Monday, December 3, 2012

Egypt judges refuse to supervise constitution vote


 
CAIRO: Egypt’s Judges Club, which represents judges across the country, announced on Sunday that it would not supervise a referendum on a draft constitution, amid a tense standoff between President Mohammed Morsi and the judiciary.

“It has been agreed by all the judges of Egypt and the Judges Clubs outside the capital not to supervise a referendum on the draft constitution and to boycott it,” the head of the Judges Club, Ahmed al-Zind, said in a statement carried by the official MENA news agency.



The strike by the Supreme Constitutional Court and opposition plans to march on the presidential palace on Tuesday take the country’s latest political crisis to a level not seen in the nearly two years of turmoil since Hosni Mubarak’s ouster in a popular uprising.

Judges from the country’s highest appeals court and its sister lower court were already on an indefinite strike, joining colleagues from other tribunals who suspended work last week to protest what they saw as Morsi’s assault on the judiciary.

The last time Egypt had an all-out strike by the judiciary was in 1919, when judges joined an uprising against British colonial rule.

The standoff began when Morsi issued decrees on Nov. 22 giving him near-absolute powers that granted himself and the Islamist-dominated assembly drafting the new constitution immunity from the courts.

The constitutional panel then raced in a marathon session last week to vote on the charter’s 236 clauses without the participation of liberal and Christian members.

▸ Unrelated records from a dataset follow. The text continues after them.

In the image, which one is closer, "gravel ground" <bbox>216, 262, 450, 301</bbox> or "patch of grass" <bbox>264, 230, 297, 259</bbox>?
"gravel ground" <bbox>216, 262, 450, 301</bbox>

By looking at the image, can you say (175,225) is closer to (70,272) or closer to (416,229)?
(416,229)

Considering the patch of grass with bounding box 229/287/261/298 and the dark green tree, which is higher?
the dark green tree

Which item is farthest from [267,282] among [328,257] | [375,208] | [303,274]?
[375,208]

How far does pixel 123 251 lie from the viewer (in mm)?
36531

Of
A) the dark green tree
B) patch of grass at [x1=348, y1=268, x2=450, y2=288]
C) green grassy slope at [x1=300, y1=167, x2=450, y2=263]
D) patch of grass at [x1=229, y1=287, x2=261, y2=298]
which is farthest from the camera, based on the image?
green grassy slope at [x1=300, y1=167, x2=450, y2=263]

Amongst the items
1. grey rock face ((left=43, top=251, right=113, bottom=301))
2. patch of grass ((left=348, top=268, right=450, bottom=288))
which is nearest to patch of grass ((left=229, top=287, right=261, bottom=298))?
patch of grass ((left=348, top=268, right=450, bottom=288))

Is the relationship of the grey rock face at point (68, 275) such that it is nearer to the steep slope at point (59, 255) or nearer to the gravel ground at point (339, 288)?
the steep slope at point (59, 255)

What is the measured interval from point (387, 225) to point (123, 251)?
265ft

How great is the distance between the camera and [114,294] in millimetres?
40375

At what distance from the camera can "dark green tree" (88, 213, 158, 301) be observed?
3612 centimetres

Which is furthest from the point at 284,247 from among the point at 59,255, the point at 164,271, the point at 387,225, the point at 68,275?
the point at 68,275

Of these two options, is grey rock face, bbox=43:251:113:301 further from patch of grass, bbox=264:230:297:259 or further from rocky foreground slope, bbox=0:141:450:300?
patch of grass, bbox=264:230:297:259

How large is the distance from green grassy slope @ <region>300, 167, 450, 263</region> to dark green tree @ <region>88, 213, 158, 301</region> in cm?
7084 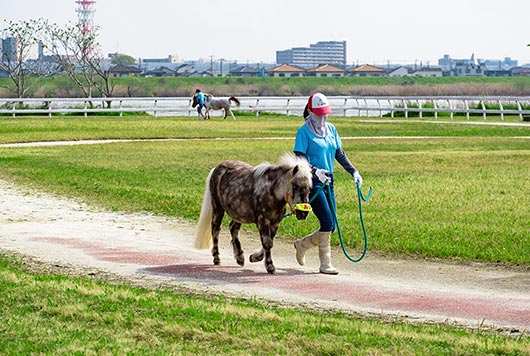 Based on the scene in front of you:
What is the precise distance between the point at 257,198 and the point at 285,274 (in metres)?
0.93

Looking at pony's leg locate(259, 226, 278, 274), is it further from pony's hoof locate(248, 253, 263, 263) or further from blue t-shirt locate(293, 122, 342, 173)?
blue t-shirt locate(293, 122, 342, 173)

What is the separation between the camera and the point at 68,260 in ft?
46.1

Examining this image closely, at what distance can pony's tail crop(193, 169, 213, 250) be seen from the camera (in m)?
13.6

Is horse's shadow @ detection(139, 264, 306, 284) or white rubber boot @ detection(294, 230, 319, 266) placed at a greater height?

The fast-track hearing pre-empted a decision from the Supreme Constitutional Court that was widely expected to dissolve the constituent assembly.

The judges on Sunday postponed their ruling on that case just before they went on strike.

Without a functioning justice system, Egypt will be plunged even deeper into turmoil. It has already seen a dramatic surge in crime after the uprising, while state authority is being challenged in many aspects of life and the courts are burdened by a massive backlog of cases.